The next logical step, since the Registry was not responding to any letter, was to file an application under the Right to Information Act, which forces the Registry into replying (we’ve blogged about using this tactic over here). The RTI application was filed for which the Registry responded to in September 2008 stating that an investigation was going on.
On January 16, 2009, the counsels wrote another letter to the Registrar asking for information on how the mark could be abandoned when they had not received the notice which was also not responded to (since this is quite repetitive from now on all letters filed will be treated as not responded to unless otherwise mentioned)
In April of 2009, since the Registrar was not taking any action, the counsels dispatched a letter to the Controller General asking for intervention.
In June and July of 2011, more letters were filed with the Registry.
In June 2011, the Appellant and the Opponent decided to settle the matter and accordingly the Opponent filed a letter withdrawing the opposition. The Appellant’s counsels wrote to the Registry with this information mentioning that since the opposition was withdrawn the mark should be registered.
Finally in May 2012, the Registry website carried an order passed by a Senior Examiner abandoning the mark. The Appellants then filed the appeal against the order in August 2012 within three months of them finding the order.
The IPAB did not mince words on this matter where they stated
We disapprove of this attitude of an authority vested with quasi-judicial powers. When letters are written on behalf of a party pursuing the statutory proceedings, it is in fact the duty of the Trade Marks Registry to give replies accurately and as early as possible.

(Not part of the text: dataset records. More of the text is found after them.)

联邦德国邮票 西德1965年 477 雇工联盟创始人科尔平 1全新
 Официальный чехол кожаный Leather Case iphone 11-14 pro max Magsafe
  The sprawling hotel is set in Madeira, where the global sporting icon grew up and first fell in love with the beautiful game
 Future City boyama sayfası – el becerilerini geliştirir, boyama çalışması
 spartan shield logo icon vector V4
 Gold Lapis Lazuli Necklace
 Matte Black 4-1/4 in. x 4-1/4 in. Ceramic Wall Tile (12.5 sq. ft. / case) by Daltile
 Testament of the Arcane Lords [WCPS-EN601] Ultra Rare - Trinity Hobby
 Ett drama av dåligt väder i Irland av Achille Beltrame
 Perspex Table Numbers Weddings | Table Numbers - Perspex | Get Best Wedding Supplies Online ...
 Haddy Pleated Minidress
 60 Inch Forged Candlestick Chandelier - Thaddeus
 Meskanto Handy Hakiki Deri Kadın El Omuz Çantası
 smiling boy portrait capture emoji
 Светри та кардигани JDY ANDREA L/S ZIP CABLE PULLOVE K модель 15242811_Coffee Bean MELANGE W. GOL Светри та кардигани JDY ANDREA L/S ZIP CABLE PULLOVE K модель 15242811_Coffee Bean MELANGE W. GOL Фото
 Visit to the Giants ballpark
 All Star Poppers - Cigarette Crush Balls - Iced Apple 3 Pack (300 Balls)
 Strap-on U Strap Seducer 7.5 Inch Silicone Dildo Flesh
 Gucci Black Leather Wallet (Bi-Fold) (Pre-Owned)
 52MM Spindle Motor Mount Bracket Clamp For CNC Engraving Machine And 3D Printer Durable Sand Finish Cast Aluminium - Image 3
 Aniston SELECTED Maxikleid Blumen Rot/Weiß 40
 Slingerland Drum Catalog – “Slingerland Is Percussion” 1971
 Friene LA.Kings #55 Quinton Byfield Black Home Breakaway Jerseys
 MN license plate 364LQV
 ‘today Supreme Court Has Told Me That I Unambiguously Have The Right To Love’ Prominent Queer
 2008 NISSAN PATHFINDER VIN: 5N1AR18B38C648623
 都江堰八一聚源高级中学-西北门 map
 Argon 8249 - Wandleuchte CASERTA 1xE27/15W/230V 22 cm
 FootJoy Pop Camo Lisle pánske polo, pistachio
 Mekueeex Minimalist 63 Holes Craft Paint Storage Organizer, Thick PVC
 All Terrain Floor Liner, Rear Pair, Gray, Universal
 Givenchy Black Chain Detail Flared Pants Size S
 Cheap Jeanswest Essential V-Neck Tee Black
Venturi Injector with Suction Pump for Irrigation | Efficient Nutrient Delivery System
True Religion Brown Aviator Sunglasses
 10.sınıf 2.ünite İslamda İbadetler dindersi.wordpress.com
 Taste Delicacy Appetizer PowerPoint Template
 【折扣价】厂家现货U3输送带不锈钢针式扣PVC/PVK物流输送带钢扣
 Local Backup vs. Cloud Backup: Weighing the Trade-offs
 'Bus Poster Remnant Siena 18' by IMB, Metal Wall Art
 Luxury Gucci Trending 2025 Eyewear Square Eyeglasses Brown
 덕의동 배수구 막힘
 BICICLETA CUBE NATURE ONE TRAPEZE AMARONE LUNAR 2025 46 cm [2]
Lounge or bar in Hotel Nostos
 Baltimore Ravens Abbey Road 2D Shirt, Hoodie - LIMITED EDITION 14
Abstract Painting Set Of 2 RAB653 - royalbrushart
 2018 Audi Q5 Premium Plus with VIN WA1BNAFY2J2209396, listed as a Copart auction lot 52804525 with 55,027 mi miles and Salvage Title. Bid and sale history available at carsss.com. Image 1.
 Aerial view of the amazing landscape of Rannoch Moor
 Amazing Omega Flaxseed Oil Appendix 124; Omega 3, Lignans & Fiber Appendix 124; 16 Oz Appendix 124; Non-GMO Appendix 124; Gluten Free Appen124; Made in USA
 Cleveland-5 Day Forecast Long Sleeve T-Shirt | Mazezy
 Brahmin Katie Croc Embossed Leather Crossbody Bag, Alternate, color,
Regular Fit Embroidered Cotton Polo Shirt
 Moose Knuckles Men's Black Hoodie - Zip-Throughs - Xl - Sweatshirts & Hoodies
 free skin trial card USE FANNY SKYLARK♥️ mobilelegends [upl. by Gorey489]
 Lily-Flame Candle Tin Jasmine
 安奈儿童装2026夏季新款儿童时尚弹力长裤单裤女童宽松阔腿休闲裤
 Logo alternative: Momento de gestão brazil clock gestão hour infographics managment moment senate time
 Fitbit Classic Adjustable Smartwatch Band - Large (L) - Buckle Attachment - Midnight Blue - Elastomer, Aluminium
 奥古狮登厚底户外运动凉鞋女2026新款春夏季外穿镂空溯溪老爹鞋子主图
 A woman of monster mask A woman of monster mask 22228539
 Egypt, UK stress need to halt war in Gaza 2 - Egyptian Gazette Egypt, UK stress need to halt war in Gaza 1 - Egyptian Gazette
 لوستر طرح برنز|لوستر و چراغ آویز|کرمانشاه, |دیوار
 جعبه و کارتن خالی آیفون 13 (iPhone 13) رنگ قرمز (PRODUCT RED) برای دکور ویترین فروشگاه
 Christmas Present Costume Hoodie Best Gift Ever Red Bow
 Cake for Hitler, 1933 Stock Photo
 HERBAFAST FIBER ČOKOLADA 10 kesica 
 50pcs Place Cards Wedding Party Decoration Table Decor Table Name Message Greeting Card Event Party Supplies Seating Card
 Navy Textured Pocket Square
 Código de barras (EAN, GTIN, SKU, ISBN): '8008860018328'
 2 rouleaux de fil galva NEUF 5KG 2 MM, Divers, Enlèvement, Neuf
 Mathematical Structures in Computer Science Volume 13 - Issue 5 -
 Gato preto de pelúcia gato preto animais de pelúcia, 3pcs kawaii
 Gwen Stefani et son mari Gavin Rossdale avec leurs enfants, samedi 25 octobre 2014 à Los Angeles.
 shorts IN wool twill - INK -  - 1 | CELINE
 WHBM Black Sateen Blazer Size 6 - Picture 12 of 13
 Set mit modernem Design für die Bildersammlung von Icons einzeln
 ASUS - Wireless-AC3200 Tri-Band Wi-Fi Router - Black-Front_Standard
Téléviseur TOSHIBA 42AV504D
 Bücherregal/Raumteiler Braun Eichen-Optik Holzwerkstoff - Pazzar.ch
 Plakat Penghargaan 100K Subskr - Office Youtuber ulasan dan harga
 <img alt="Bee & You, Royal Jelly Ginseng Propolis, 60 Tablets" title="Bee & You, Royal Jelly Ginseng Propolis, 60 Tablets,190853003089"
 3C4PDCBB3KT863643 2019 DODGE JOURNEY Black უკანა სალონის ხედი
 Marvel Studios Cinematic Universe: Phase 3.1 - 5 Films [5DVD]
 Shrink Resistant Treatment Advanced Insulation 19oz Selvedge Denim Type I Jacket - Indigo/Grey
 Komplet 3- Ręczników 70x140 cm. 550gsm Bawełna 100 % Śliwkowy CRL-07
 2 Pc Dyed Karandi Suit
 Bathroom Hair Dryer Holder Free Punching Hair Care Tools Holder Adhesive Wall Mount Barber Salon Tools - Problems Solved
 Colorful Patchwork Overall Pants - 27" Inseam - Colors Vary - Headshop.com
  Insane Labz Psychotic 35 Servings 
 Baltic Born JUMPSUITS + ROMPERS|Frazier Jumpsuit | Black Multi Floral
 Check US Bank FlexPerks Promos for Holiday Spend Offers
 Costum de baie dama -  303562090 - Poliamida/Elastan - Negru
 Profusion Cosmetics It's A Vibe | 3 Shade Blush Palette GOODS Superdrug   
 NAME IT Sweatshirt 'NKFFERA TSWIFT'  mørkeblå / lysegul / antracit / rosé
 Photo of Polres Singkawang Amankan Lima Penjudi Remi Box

The IPAB after hearing the facts has directed the Registry to respond to certain questions within two weeks of receipt of the order
- Why did the online status mention ‘abandoned’ in 2008 when the order was passed only in 2009?
- Why weren’t any of the letters filed by the Appellant not responded to?
- Why was there no communication on the order even after the Opponents withdrew the opposition?
- Why was the order passed by a ‘Senior Examiner’ and not the ‘Registrar’?
- Is there any evidence to show that the notice was served on any party?
While the Registry is yet to respond to these pertinent questions, one just hopes that they buck the trend and actually respond for a change.
While this case does bring to light the shocking apathy of the trademark office, unfortunately, it is not a single incident. At present there are several files that I’m working on various stages of inertia because of the mistakes and non-responsiveness of the Trademark Registry. The problem with inaction by the Registry is that no counter positive action can be taken. Only if an order is passed, denying something, can a party approach the IPAB on appeal. By delaying the order, the Appellants were unable to do much for close to 12 years.
The positive to take away from this case was seeing the IPAB’s response. They looked into the facts with a great deal of sympathy for the Appellant who had done everything in its power to get matters moving.
Trademark Prosecution work is challenging, but it does provide counsels with an opportunity to explore the law and use it creatively. From filing RTI applications to approaching the courts and the IPAB, as Trademark Lawyer you’ve got to think outside the proverbial box. That does make my job very exciting indeed.